### WHAT YOU NEED TO DO
Print the data that follows, exactly and completely.

### RECORDS FOR THE EXERCISE
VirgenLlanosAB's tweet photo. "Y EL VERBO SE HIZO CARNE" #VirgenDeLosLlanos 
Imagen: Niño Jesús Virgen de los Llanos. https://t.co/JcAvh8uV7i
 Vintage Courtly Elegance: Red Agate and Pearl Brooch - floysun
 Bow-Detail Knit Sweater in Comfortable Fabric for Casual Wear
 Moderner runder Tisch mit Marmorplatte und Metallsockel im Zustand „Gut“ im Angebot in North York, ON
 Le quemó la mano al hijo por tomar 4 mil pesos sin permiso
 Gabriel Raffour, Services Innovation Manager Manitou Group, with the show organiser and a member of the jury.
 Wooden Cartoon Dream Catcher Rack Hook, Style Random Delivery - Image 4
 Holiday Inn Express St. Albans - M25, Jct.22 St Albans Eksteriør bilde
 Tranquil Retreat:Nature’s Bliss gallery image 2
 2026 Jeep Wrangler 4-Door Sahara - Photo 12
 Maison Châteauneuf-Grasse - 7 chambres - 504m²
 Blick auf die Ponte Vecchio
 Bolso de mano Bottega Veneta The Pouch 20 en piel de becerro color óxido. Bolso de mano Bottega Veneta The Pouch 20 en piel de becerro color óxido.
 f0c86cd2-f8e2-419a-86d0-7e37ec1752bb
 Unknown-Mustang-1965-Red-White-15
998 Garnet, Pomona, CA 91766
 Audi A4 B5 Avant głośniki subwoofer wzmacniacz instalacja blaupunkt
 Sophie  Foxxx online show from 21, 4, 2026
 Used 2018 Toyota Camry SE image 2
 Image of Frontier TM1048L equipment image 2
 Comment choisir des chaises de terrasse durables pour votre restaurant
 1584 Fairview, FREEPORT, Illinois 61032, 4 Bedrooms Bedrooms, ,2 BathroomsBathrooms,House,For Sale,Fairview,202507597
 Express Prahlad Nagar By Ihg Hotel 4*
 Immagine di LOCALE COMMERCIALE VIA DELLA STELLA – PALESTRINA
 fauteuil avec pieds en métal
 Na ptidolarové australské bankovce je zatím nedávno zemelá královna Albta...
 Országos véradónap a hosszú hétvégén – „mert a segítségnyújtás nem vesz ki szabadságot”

### RESPONSE TO THIS EXERCISE
VirgenLlanosAB's tweet photo. "Y EL VERBO SE HIZO CARNE" #VirgenDeLosLlanos 
Imagen: Niño Jesús Virgen de los Llanos. https://t.co/JcAvh8uV7i
 Vintage Courtly Elegance: Red Agate and Pearl Brooch - floysun
 Bow-Detail Knit Sweater in Comfortable Fabric for Casual Wear
 Moderner runder Tisch mit Marmorplatte und Metallsockel im Zustand „Gut“ im Angebot in North York, ON
 Le quemó la mano al hijo por tomar 4 mil pesos sin permiso
 Gabriel Raffour, Services Innovation Manager Manitou Group, with the show organiser and a member of the jury.
 Wooden Cartoon Dream Catcher Rack Hook, Style Random Delivery - Image 4
 Holiday Inn Express St. Albans - M25, Jct.22 St Albans Eksteriør bilde
 Tranquil Retreat:Nature’s Bliss gallery image 2
 2026 Jeep Wrangler 4-Door Sahara - Photo 12
 Maison Châteauneuf-Grasse - 7 chambres - 504m²
 Blick auf die Ponte Vecchio
 Bolso de mano Bottega Veneta The Pouch 20 en piel de becerro color óxido. Bolso de mano Bottega Veneta The Pouch 20 en piel de becerro color óxido.
 f0c86cd2-f8e2-419a-86d0-7e37ec1752bb
 Unknown-Mustang-1965-Red-White-15
998 Garnet, Pomona, CA 91766
 Audi A4 B5 Avant głośniki subwoofer wzmacniacz instalacja blaupunkt
 Sophie  Foxxx online show from 21, 4, 2026
 Used 2018 Toyota Camry SE image 2
 Image of Frontier TM1048L equipment image 2
 Comment choisir des chaises de terrasse durables pour votre restaurant
 1584 Fairview, FREEPORT, Illinois 61032, 4 Bedrooms Bedrooms, ,2 BathroomsBathrooms,House,For Sale,Fairview,202507597
 Express Prahlad Nagar By Ihg Hotel 4*
 Immagine di LOCALE COMMERCIALE VIA DELLA STELLA – PALESTRINA
 fauteuil avec pieds en métal
 Na ptidolarové australské bankovce je zatím nedávno zemelá královna Albta...
 Országos véradónap a hosszú hétvégén – „mert a segítségnyújtás nem vesz ki szabadságot”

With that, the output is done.